Wanneer in het kader van de financiële bijstand van de Gemeenschap voor de pretoetredingsfase steun wordt verleend voor de kosten van deelname, moeten de financiële voorwaarden worden vastgelegd. Wat Cyprus en Malta betreft voorziet Verordening (EG) nr. 555/2000 van de Raad in financiële bijstand voor de uitvoering van acties in het kader van de pretoetredingsstrategie. Voor Turkije zal hierin worden voorzien in het kader van het Meda-programma, en in twee Verordeningen betreffende de uitvoering van maatregelen ter verdieping van de douane-unie EG-Turkije en betreffende maatregelen ter bevordering van de economische en sociale ontwikkeling van Turkije. Een nieuwe ontwerpverordening (COM(2001) 230 def.), momenteel in behandeling bij de Raad, brengt echter alle financiële bijstand voor het pretoetredingsproces voor Turkije, met inbegrip vaan de deelname aan communautaire programma's, onder één begrotingslijn samen.

4.

5. Inhoud van de kaderovereenkomsten


De voorgestelde ontwerpkaderovereenkomsten met Cyprus, Malta en Turkije bevatten voorwaarden die gelijkwaardig zijn met de voorwaarden die de Raad heeft goedgekeurd voor de kaderinstrumenten voor de kandidaat-lidstaten in Midden- en Oost-Europa. De voornaamste punten zijn:

a) de betrokken programma's zijn alle programma's die openstaan voor de kandidaat-lidstaten in Midden- en Oost-Europa;

b) de kandidaat-lidstaat betaalt ieder jaar een bijdrage voor de programma's, gezamenlijk te bepalen door de Commissie en de regering van de kandidaat-lidstaat.
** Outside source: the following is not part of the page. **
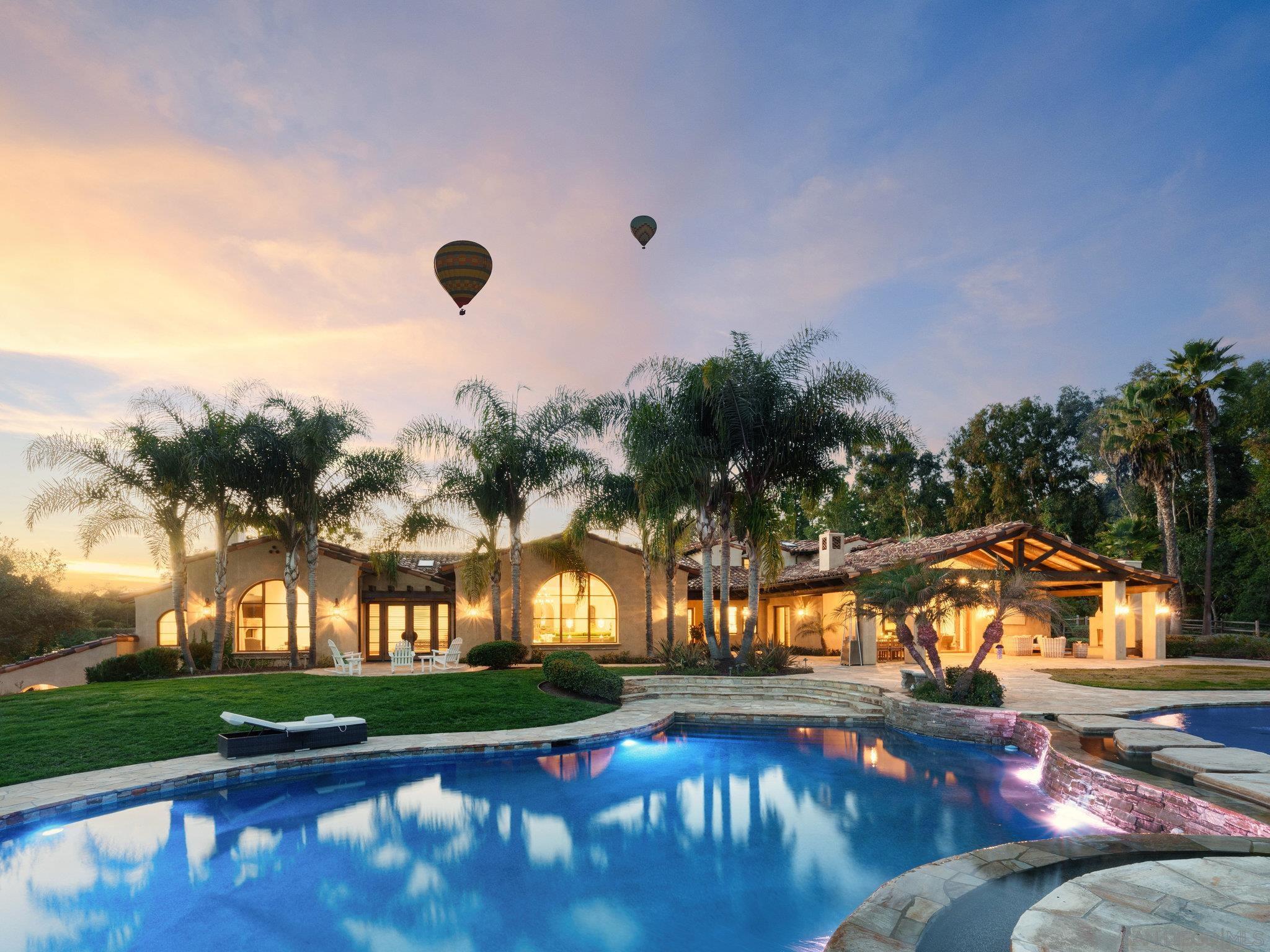 Detail Gallery Image 27 of 41 For 16409  via De Santa Fe, Rancho Santa Fe,  CA 92067 - 10 Beds | 10/3 Baths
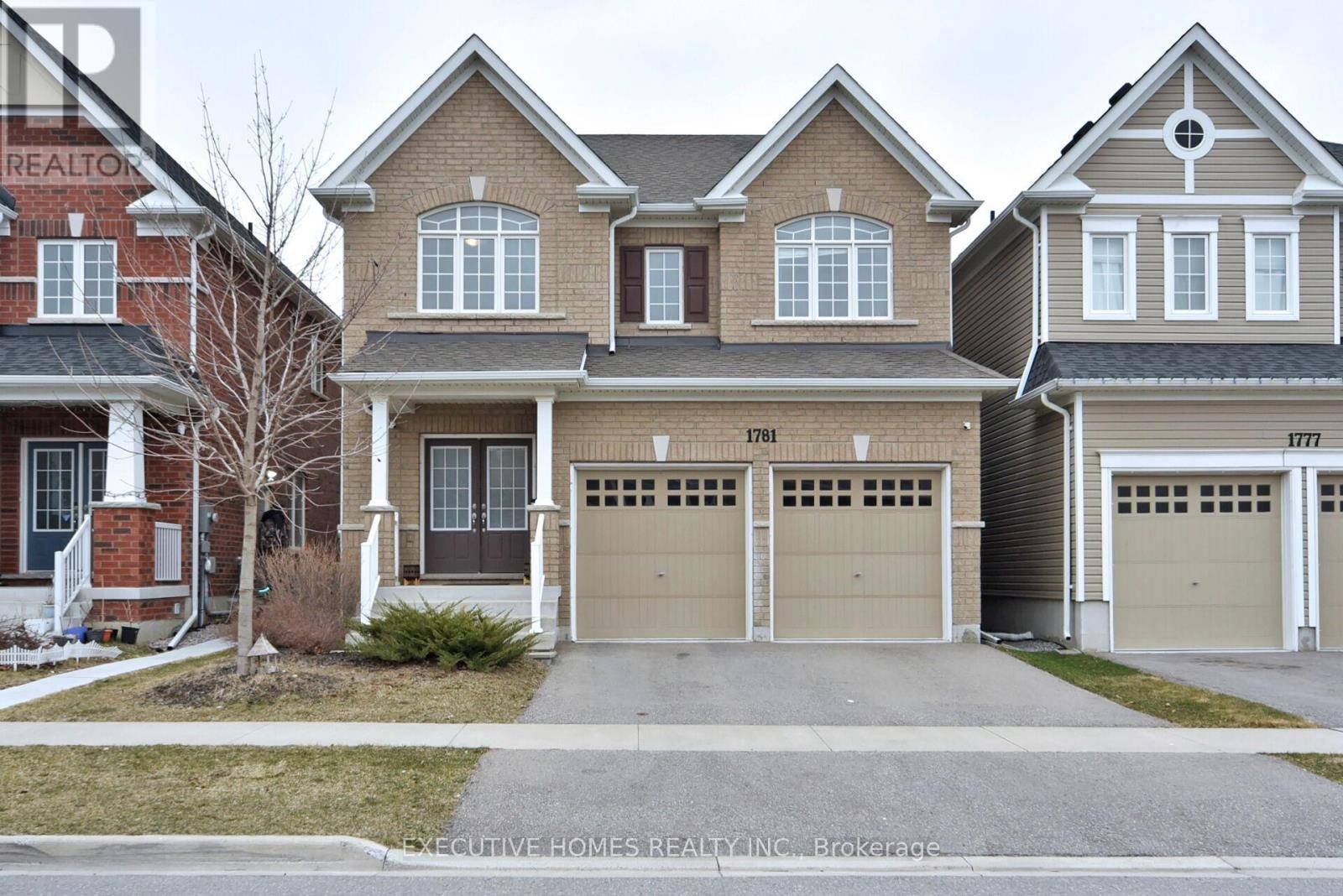 Oshawa (taunton), ON L1K0Y2,1781 WILLIAM LOTT DRIVE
Op grond van bijgaande ontwerpen voor besluiten van de Raad houdende goedkeuring van de kaderovereenkomsten wordt de Commissie bij het bepalen van de voorwaarden voor de deelname aan specifieke programma's, onder andere de financiële bijdrage, bijgestaan door een speciaal comité dat door de Raad is aangewezen;

c) de betaalde bijdrage wordt niet terugbetaald aan de kandidaat-lidstaat als aan het einde van het jaar de resultaten minder bedragen dan de betaalde bijdrage;

d) vertegenwoordigers van de kandidaat-lidstaten worden uitgenodigd om de vergaderingen van de programmacomités als waarnemer bij te wonen, wat de onderwerpen die hen aangaan betreft;

e) voor de indiening, beoordeling en selectie van aanvragen en projecten gelden ten aanzien van projecten en initiatieven die door deelnemers uit de kandidaat-lidstaten worden ingediend in het kader van de betrokken programma's dezelfde voorwaarden, regels en procedures als voor de lidstaten;

f) de kaderovereenkomsten zijn voor onbepaalde tijd van toepassing, met inachtneming van de gebruikelijke opzeggingsvoorwaarden. De specifieke duur van de deelname aan programma's wordt vastgesteld in de voorwaarden die door de Commissie en de regering van het betrokken land worden vastgesteld.

Gezien het bovenstaande wordt de Raad verzocht zijn goedkeuring te hechten aan bijgaande drie ontwerpbesluiten tot goedkeuring van de kaderovereenkomsten met Cyprus, Malta en Turkije waarin de algemene beginselen voor hun deelname aan communautaire programma's zijn vastgelegd.